* [Try it] Every entry must be set down exactly in the answer; no pictures should appear.

Caption-style text data
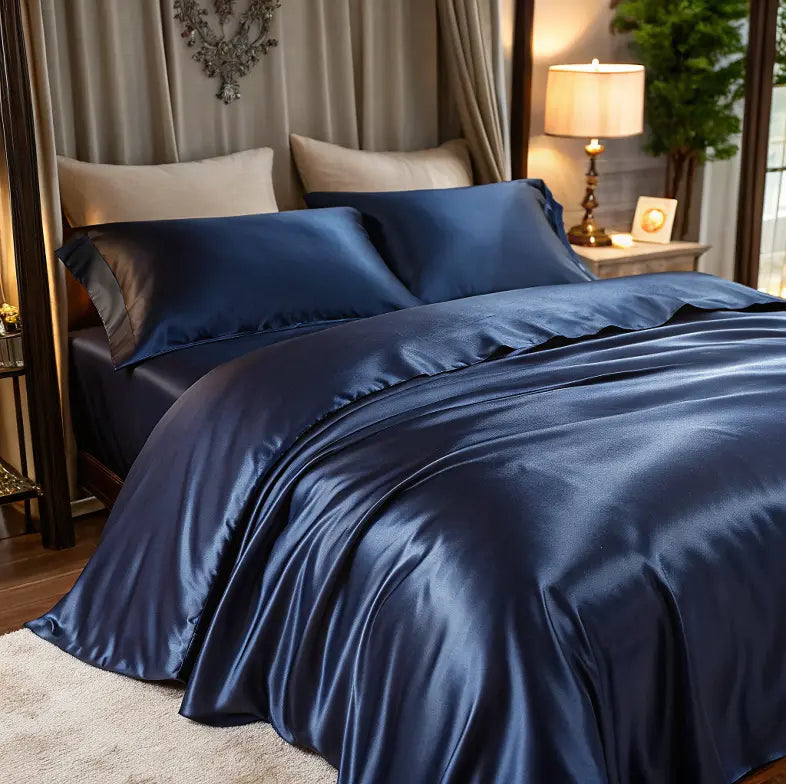 Literie haut de gamme – housse de couette en soie thermorégulatrice Couleur bleu marine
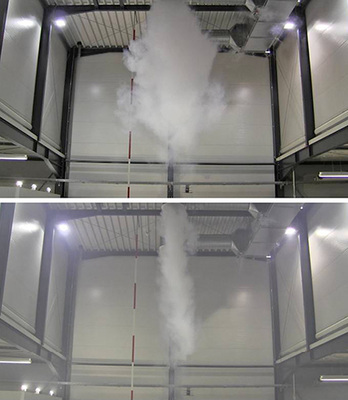 Zur Anpassung der Eindringtiefe auf die Position des jeweiligen Bauteils wird 
die Strahlaufweitung der Zuluft über unterschiedlich große vertikale und 
horizontale Luftanteile beeinflusst.

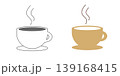 湯気の立つコーヒーカップアイコンセット（白とベージュ・シンプル・カフェ・飲み物） 139168415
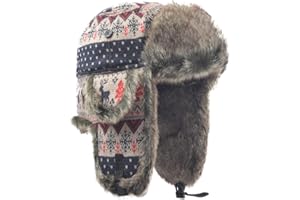 FORDALLIO Cold Weather Faux Fur Ear Flap Trapper Hunter Hat Russian Soviet Ushanka Trooper Pilot Cap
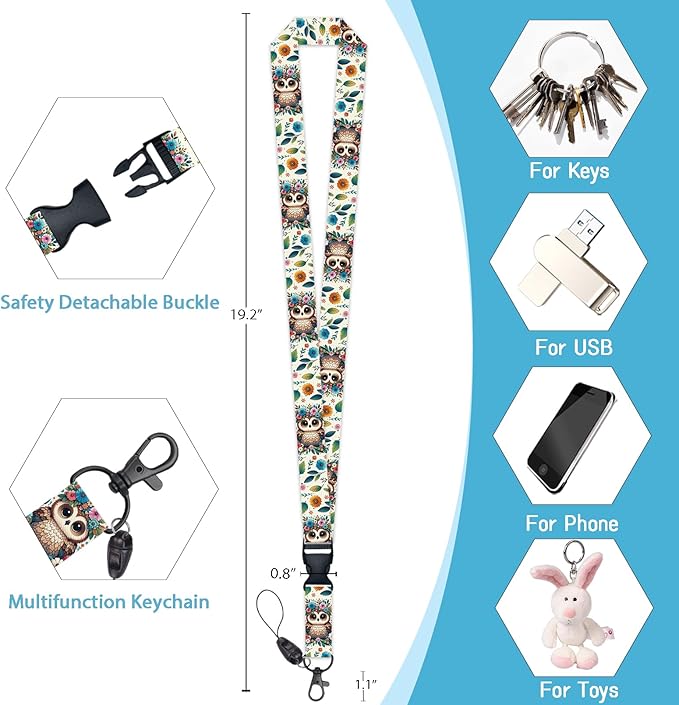 Teacher Lanyards for ID Badges, Owl Badge Holder Retractable Lanyard Name Tags Vertical Card Holder, Detachable Lanyard Badge Reel Retractable, Nurse Workers Women Office Gifts
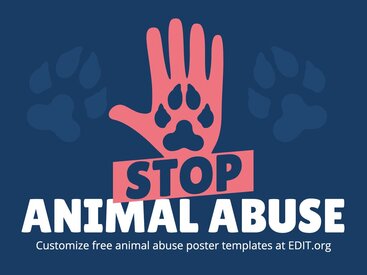Animal abuse poster templates to print
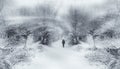 Man walking in winter snow storm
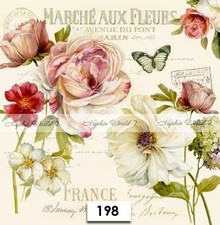 (198) TWO Paper LUNCHEON Decoupage Art Craft Napkins - VINTAGE FLOWERS FRANCE picture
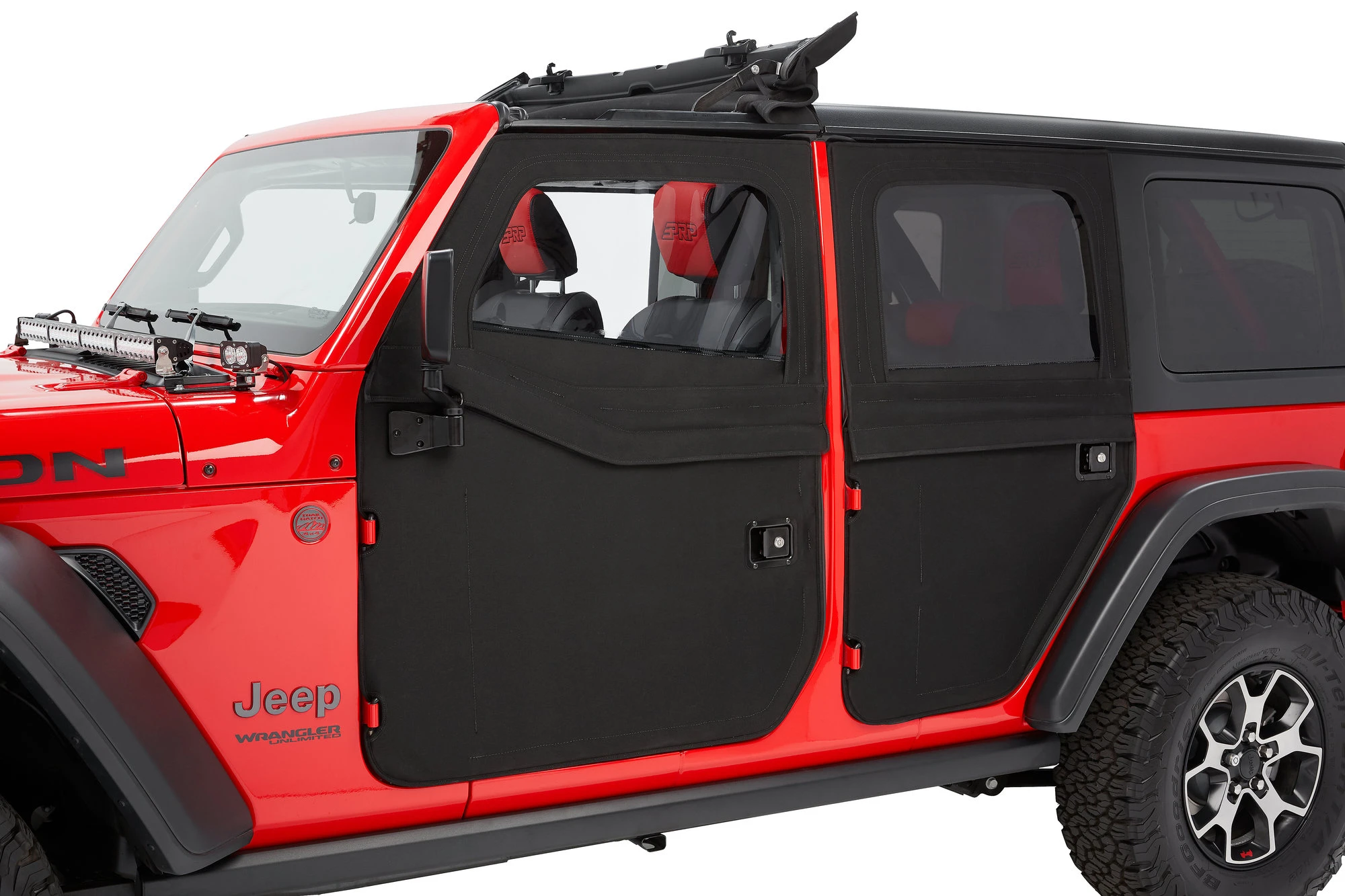 Bestop 5175135 2-Piece Fabric Doors - Rear Doors in Black Diamond for 18-26 Jeep Wrangler JL Unlimited & Gladiator JT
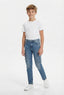 Boys' Mid Blue Cargo Denim Jeans – 32" Length / 24" Waist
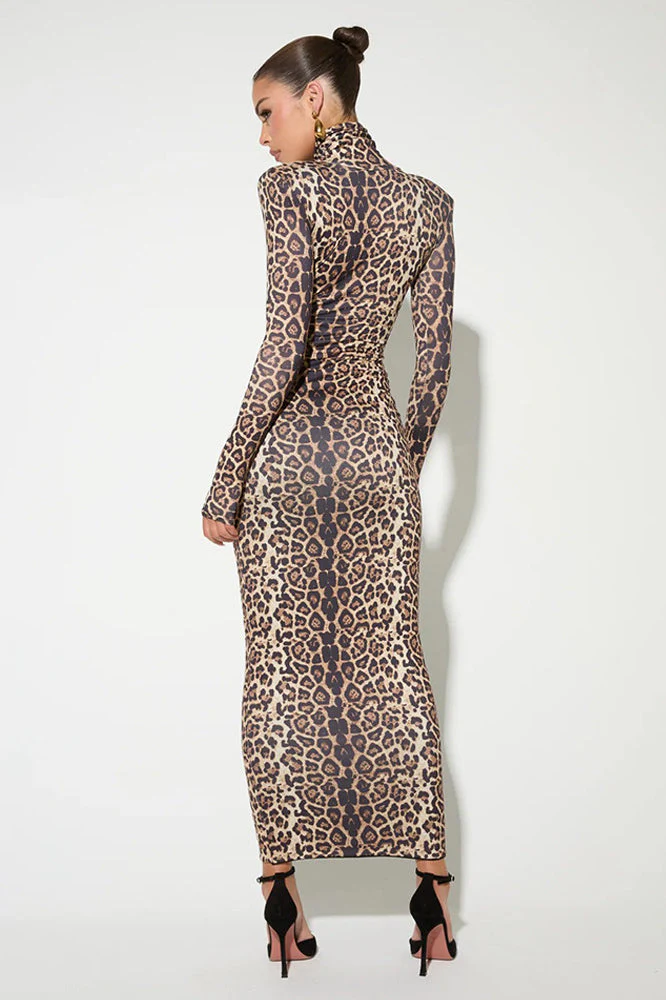 Elegant Leopard Mock Neck Bodycon Maxi Dress - Image 4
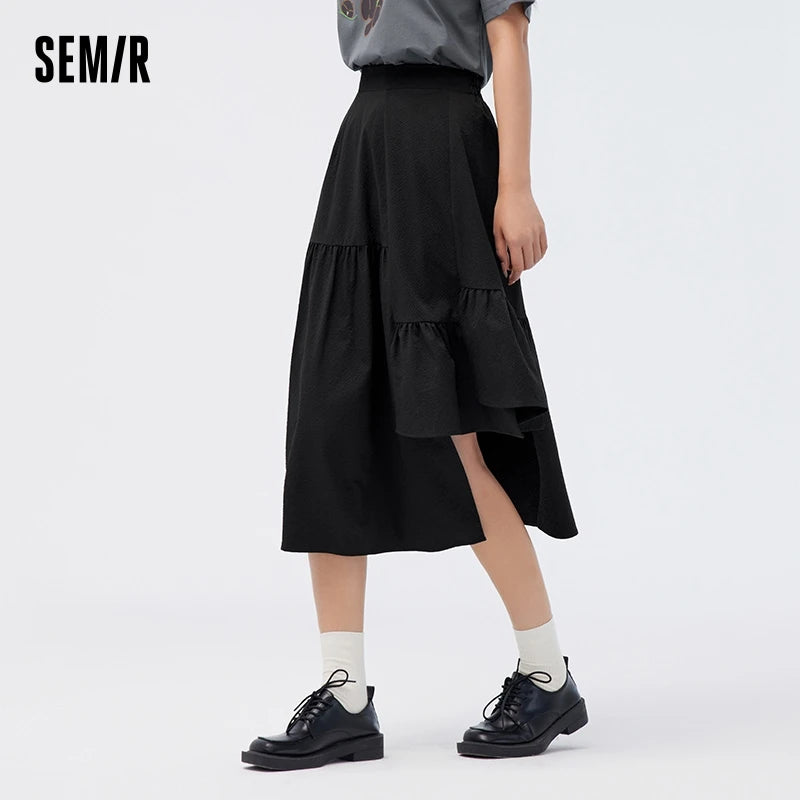 Semir Women Skirt Loose-Fitting Adjustable Waist Showcasing Pure Color Design-Oriented 2024 Summer New Arrival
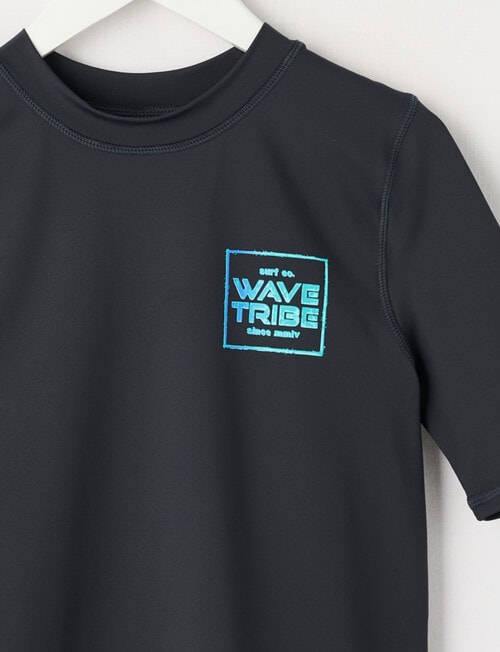 Wavetribe Ombre Logo Short Sleeve Rash Top, Charcoal product photo View 03 L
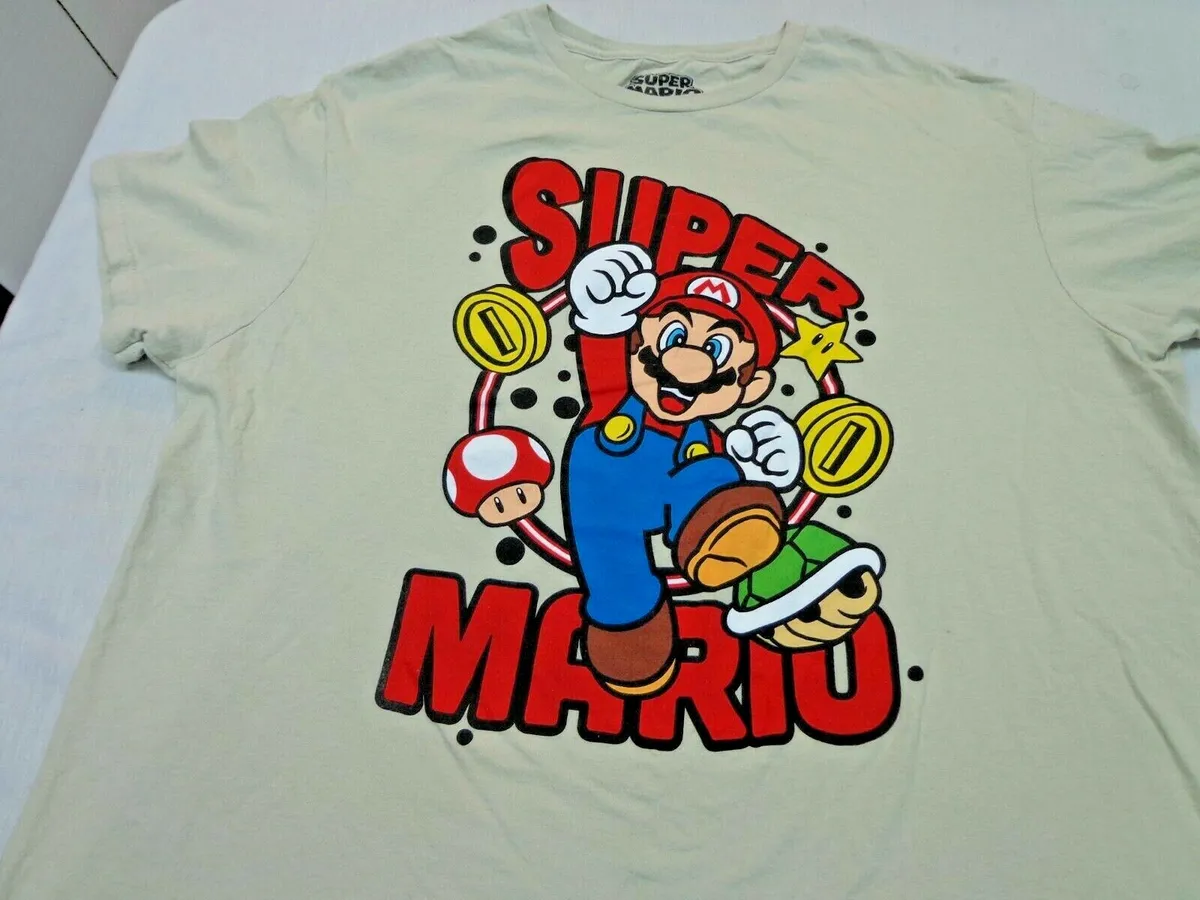 Nintendo Super Mario Video Game T-Shirt Tan Size XL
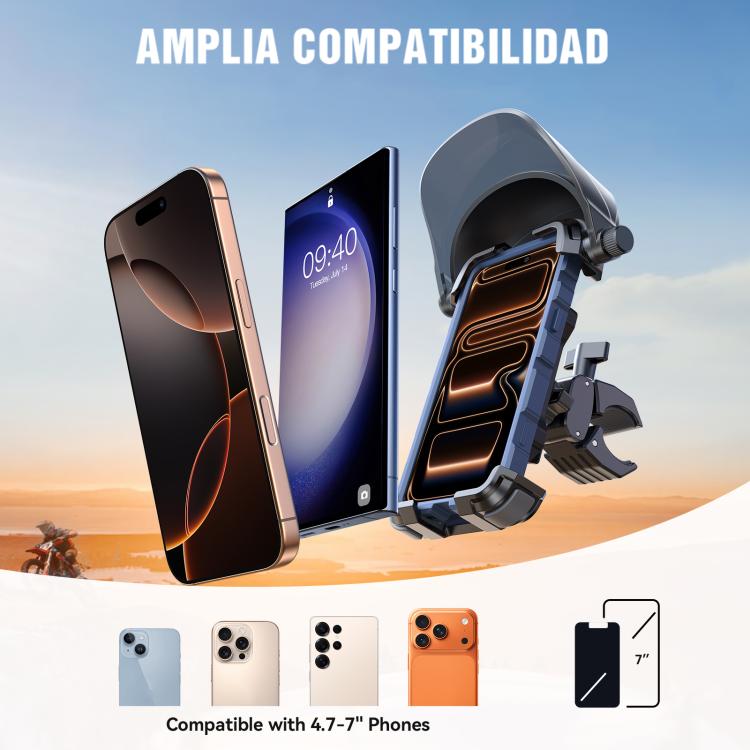 Bike phone holder with sunshade, mounts smartphones around 4.7–7 inches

* [Final answer]
 Literie haut de gamme – housse de couette en soie thermorégulatrice Couleur bleu marine
 Zur Anpassung der Eindringtiefe auf die Position des jeweiligen Bauteils wird 
die Strahlaufweitung der Zuluft über unterschiedlich große vertikale und 
horizontale Luftanteile beeinflusst.

 湯気の立つコーヒーカップアイコンセット（白とベージュ・シンプル・カフェ・飲み物） 139168415
 FORDALLIO Cold Weather Faux Fur Ear Flap Trapper Hunter Hat Russian Soviet Ushanka Trooper Pilot Cap
 Teacher Lanyards for ID Badges, Owl Badge Holder Retractable Lanyard Name Tags Vertical Card Holder, Detachable Lanyard Badge Reel Retractable, Nurse Workers Women Office Gifts
Animal abuse poster templates to print
 Man walking in winter snow storm
 (198) TWO Paper LUNCHEON Decoupage Art Craft Napkins - VINTAGE FLOWERS FRANCE picture
 Bestop 5175135 2-Piece Fabric Doors - Rear Doors in Black Diamond for 18-26 Jeep Wrangler JL Unlimited & Gladiator JT
 Boys' Mid Blue Cargo Denim Jeans – 32" Length / 24" Waist
 Elegant Leopard Mock Neck Bodycon Maxi Dress - Image 4
 Semir Women Skirt Loose-Fitting Adjustable Waist Showcasing Pure Color Design-Oriented 2024 Summer New Arrival
 Wavetribe Ombre Logo Short Sleeve Rash Top, Charcoal product photo View 03 L
 Nintendo Super Mario Video Game T-Shirt Tan Size XL
 Bike phone holder with sunshade, mounts smartphones around 4.7–7 inches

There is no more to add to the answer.